== DATASET SECTION ==
.....

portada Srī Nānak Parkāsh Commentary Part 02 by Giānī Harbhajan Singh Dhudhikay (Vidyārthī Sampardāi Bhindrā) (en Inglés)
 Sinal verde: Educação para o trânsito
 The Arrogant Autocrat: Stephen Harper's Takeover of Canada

.....

== TASK OBJECTIVE ==
Copy the listing in full, and keep every word exactly as it is.

== RESULT BELOW ==
portada Srī Nānak Parkāsh Commentary Part 02 by Giānī Harbhajan Singh Dhudhikay (Vidyārthī Sampardāi Bhindrā) (en Inglés)
 Sinal verde: Educação para o trânsito
 The Arrogant Autocrat: Stephen Harper's Takeover of Canada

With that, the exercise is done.